POS tagging for African-American Vernacular English

Primary LanguagePLSQL

POS tagging for African-American Vernacular English

This is part of my Master's thesis in 2015.

The project aimed at improving Part-of-Speech (PoS) tagging for an under-resourced language version, African-American Vernacular English (AAVE). I used unsupervised and weakly (or semi-)supervised machine learning methods to improve the accuracy of an out of the box, state-of-the-art PoS tagger, the Rungsted tagger.

The main issue with the tagging accuracy on AAVE data is that there are many out-of-vocabulary (OOV) words. This is due to the dialect, in which word choices can differ from General American, but it is also due to spelling variations in the dialect. Since PoS tagging is conducted on written language only, any variation in spelling has a large impact on the tagging accuracy.

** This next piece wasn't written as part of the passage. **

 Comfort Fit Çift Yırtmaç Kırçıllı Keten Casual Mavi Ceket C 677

In order to overcome this issue, I want to add annotated AAVE data to the training data of the PoS tagger model, such that the tagger learns the variations in word choice and spelling, and the number of OOV words decreases. However, since AAVE is an under-resourced language version, meaning there are no annorated data resources to give to out model, I have to create these annotated resources.

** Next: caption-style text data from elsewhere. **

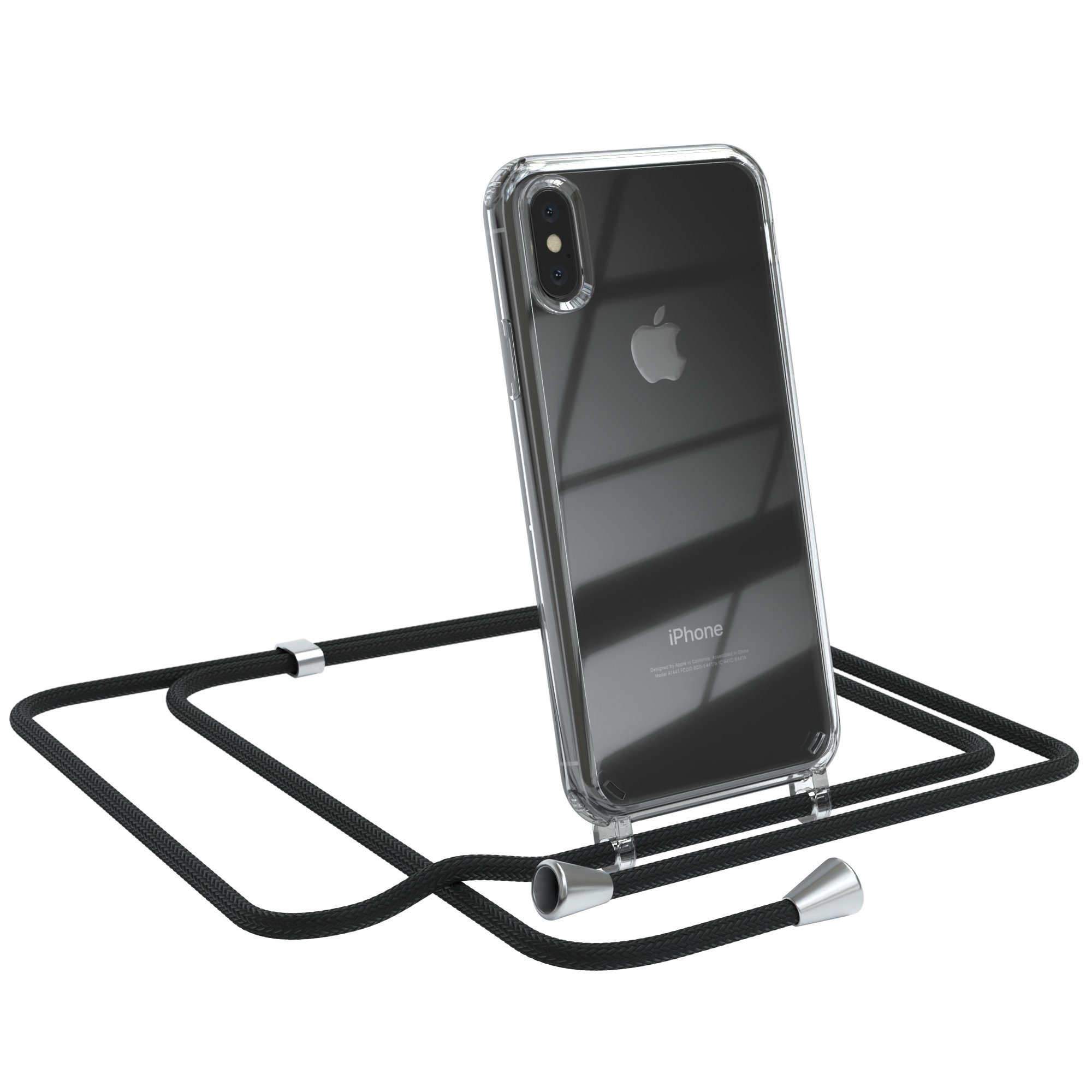 EAZY CASE Handykette Hülle mit Kette für Apple iPhone X / XS 5,8 Zoll, Handykette Hülle mit Band Slimcover Schutzhülle Schwarz Clips Silber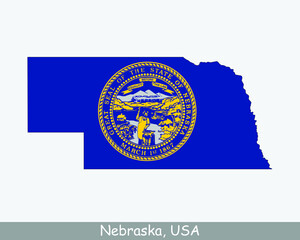 Obraz premium Nebraska Map Flag. Map of NE, USA with the state flag isolated on white background. United States, America, American, United States of America, US State. Vector illustration.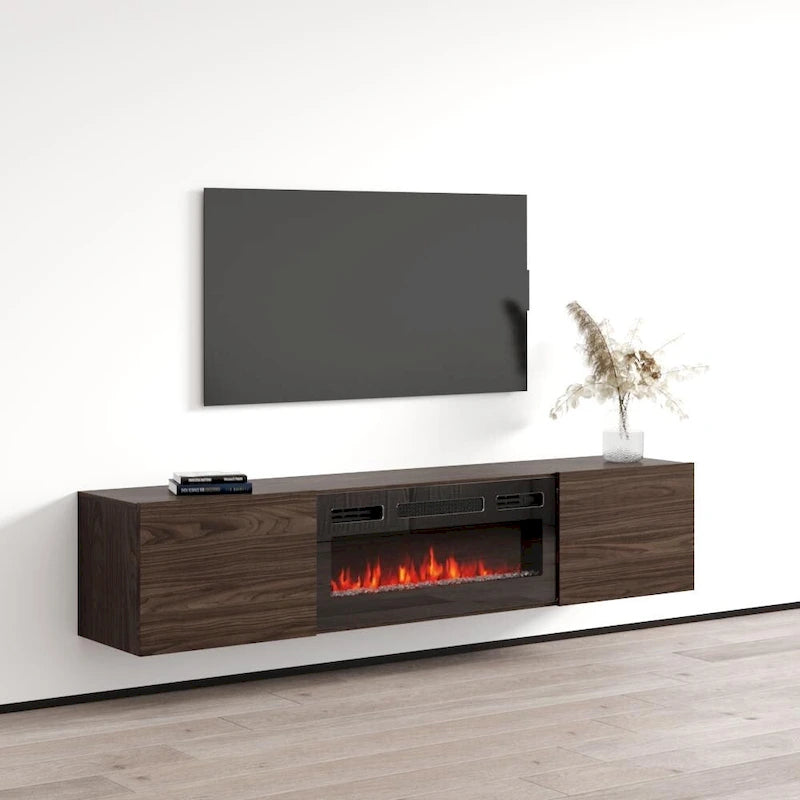 Meuble TV flottant avec cheminée Baja BL-EF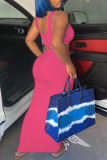 Pink Sexy Casual Solid Vests U Neck Sleeveless Two Pieces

I want to annotate the data automatically, since I need a lot of it to overcome the data bias of the General American data. I need two data sources; unlabelled AAVE data and some sort of linguistic information about the OOV words that can help me annotate the unlabelled data.

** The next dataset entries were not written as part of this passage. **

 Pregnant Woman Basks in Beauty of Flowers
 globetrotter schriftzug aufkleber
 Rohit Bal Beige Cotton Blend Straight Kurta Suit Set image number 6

For unlabelled data I use tweets written in the American southeastern states, subtitles from the TV shows The Wire and Boondocks and hiphop lyrics from African-American rappers. I restrict the tweets to this geographical area, since the proportion of AAVE speakers is highest here and I only include tweets that contain at least one AAVE spelled word. See Jorgensen et al. 2015 for more on this approach.

For linguistic information, I create tag dictionaries using Urban Dictionary, Wiktionary, Hepster's and a list of African-American names, since these are also under-represented in the General American training data. I add all words in those resources as keys in my tag dictionaries and add all the parts of speech provided by the resources as a list to each key. For instance: the word "kisses" can be either a noun or a verb, so I add both to the tag dictionary for "kisses".

I annotate the AAVE data using the tag dictionaries, and I experiment with different levels of annotation coarseness and bias weights. As an example, since I don't know whether "kisses" is a verb or a noun in the AAVE sentences, I experiment with adding both of the options and adding a penalty weight of 0.5 to both options. I also experiment with only including sentences in the training data where all words are unambiguously annotated. In that case all sentences with the word "kisses" would be excluded.

I experimented with two setups for learning from this automatically annotated data; ambiguous learning and selftraining. Ambiguous learning works best.

For more information on the project, the results, the data and the code, please see the paper, or if you really want a deep dive, here's my thesis.

NB: I've recently started cleaning up the original code and data. For now, only the ambiguous learning scenario is supported. Selftraining and visualization modules will be added shortly. The training data is too large for github, so I'll add it somewhere else, but the test data is fine.